Character Encoding

There are many ways in which characters are encoded into the data that is ultimately stored on disk or in memory, however they roughly break down into 3 groups.

Unicode

Unicode is a standard that gives each character a number, there are a lot of charaters when you start to think of all the symbols, hebrew, chinese, arabic....characer sets, so we need more space to store the our character code. On windows each character is stored as 2 bytes, this allows 65536 different characters to be described. So if you have a document that is 1000 chars long, it takes up 2000 bytes.

Because each character is the same size we can easily navigate these kinds of documents and display the full range of characters (Font permitting).

Single Byte Encoding

These use 1 byte to store a single character, because of this they are limited to describing only 256 possible charaters. There are a number of different standards (sometimes called codepages) which define different mappings. These typically agree on the definitions for the first 128 characters, but differ on there mapping for the remaining 128. Examples include ASCII, Windows-1251, ISO-8859 etc.

Because each character is 1 byte we can easily navigate these kinds of documents, however because there is no standard way to define the encoding that is used, the encoding used is the one defined in the Options. This means that unless you change the encoding any byte values >127 may not be represented as they were intended (Notepad and another editors have the same problem).

Multibyte Encoding

In this encoding the range of character values is taken from the unicode standard, however they are stored in such a way as to minimize the resulting size and try to provide backward compatibility.

A typical example of a multi byte encoding system is UTF-8. Under this encoding values 0-127 are stored within a single byte, so the resulting output would be indistinguishable from a Single byte encoding. However when more exotic chars (ie with values >127) are represented using more than one byte. In the worst case up to 4 bytes are used to encode a single char. This means that the space required for a document could be between 1 and 4 times the number of charaters.

The following Table shows how char values are encoded into byte sequences.

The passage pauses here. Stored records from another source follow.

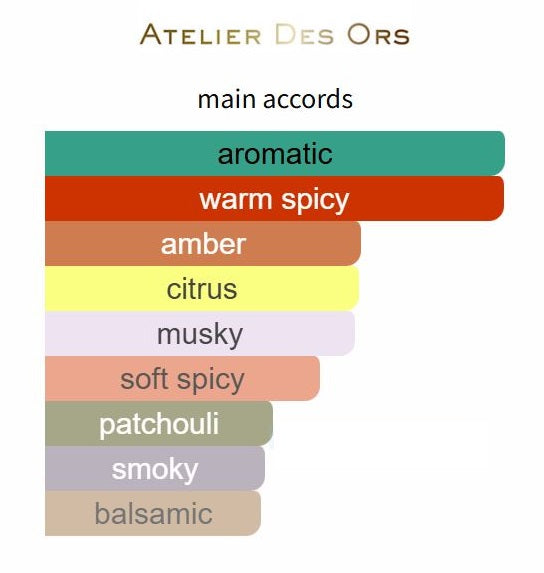 Crépuscule Des Âmes by Atelier des Ors - Decant / Sample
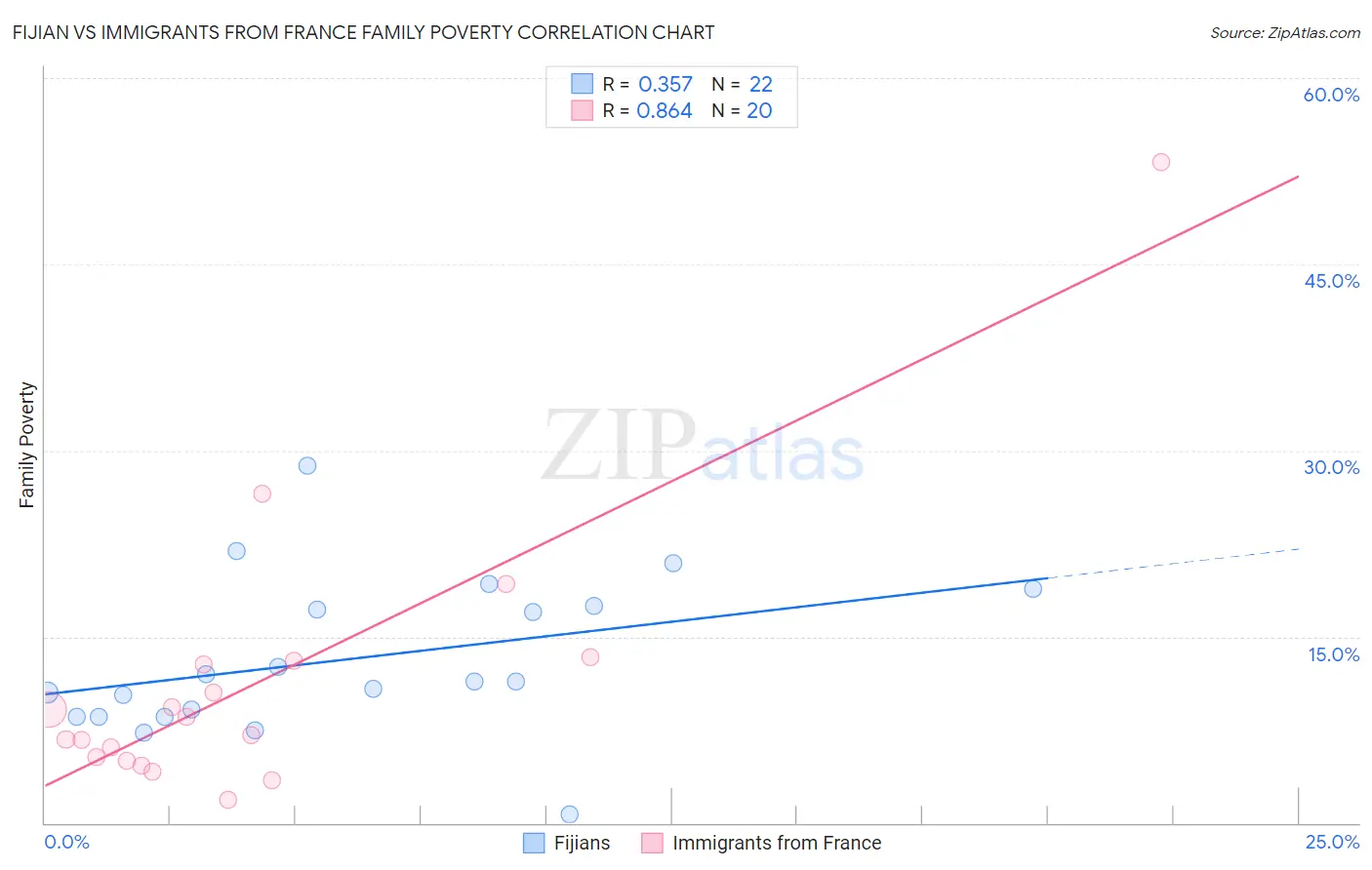 Fijian vs Immigrants from France Family Poverty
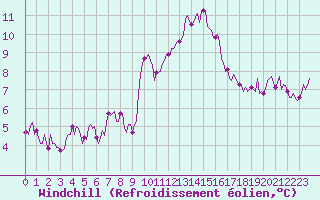 Courbe du refroidissement olien pour Sanary-sur-Mer (83)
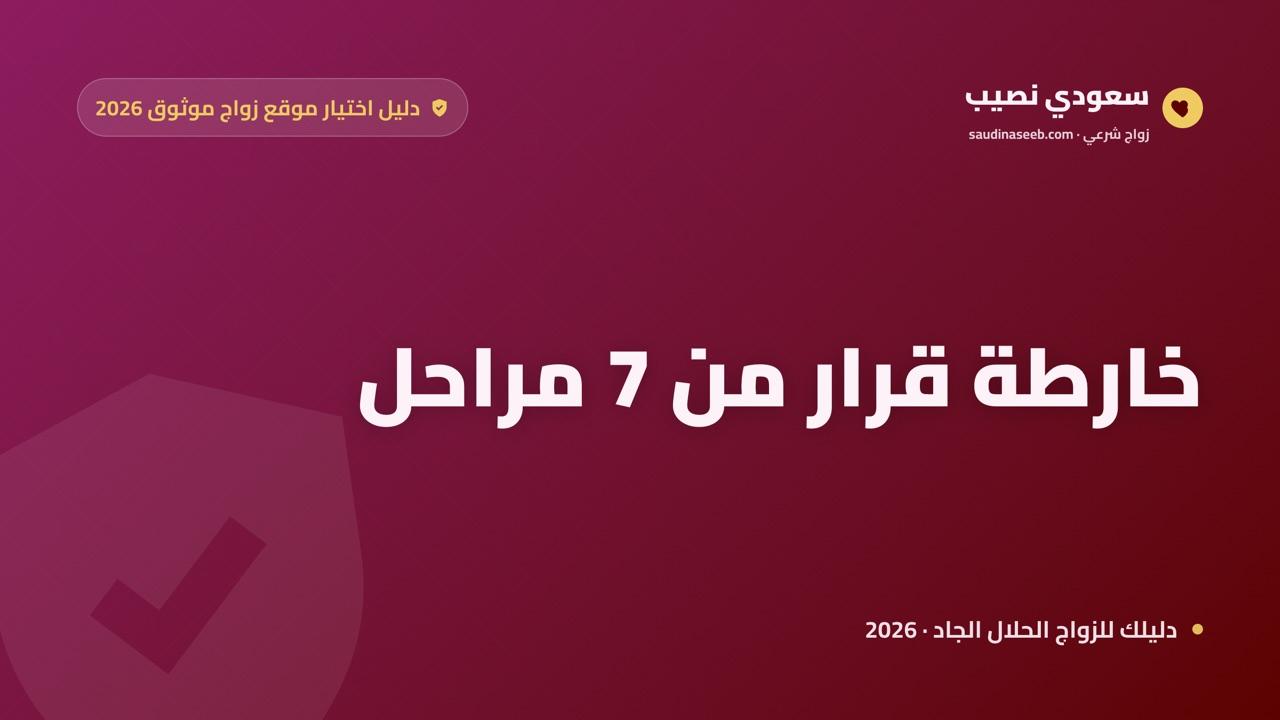 دليلك الشامل لاختيار موقع زواج موثوق في 2026: خارطة قرار من 7 مراحل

Code point	Binary code point	UTF-8 bytes	Example
`U+0000` to `U+007F`	`0xxxxxxx`	`0xxxxxxx`	'$' `U+0024` = `00100100` → `00100100` → `0x24`
`U+0080` to `U+07FF`	`00000yyy yyxxxxxx`	`110yyyyy 10xxxxxx`	'¢' `U+00A2` = `00000000 10100010` → `11000010 10100010` → `0xC2 0xA2`
`U+0800` to `U+FFFF`	`zzzzyyyy yyxxxxxx`	`1110zzzz 10yyyyyy 10xxxxxx`	'€' `U+20AC` = `00100000 10101100` → `11100010 10000010 10101100` → `0xE2 0x82 0xAC`
`U+010000` to `U+10FFFF`	`000wwwzz zzzzyyyy yyxxxxxx`	`11110www 10zzzzzz 10yyyyyy 10xxxxxx`	'𤭢' `U+024B62` = `00000010 01001011 01100010` → `11110000 10100100 10101101 10100010` → `0xF0 0xA4 0xAD 0xA2`

This type of encoding is mainly used when data is persisted to disk (or transferred over a network).

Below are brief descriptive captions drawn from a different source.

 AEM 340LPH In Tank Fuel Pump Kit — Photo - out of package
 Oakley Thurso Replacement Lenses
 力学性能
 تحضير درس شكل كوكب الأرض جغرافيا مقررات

This style of data presents problems for the Large File Editor. Most editors work by pre-parsing the data, and storing it internally as Unicode. When we are dealing with TB files this is not possible, and as you scan through a file the editor needs to jump into the file at random intervals. If you start reading the file at some random point its easy to jump into the middle of a character. It also makes the assessment of position in the file tricky, if the first half of the file is encoded using 4 bytes per char and the last half using 1 byte per char, then when you think your roughly in the middle based on the position in the file, your only 1/5 of the way down in terms of chars.

Because of this the Large File Editor currently treats UTF-8 as a single byte encoding, this means that sometime you will see 2-4 chars representing a single char, these will typically be represented with odd chars or '?'.

They are however still written out correctly if the file is saved.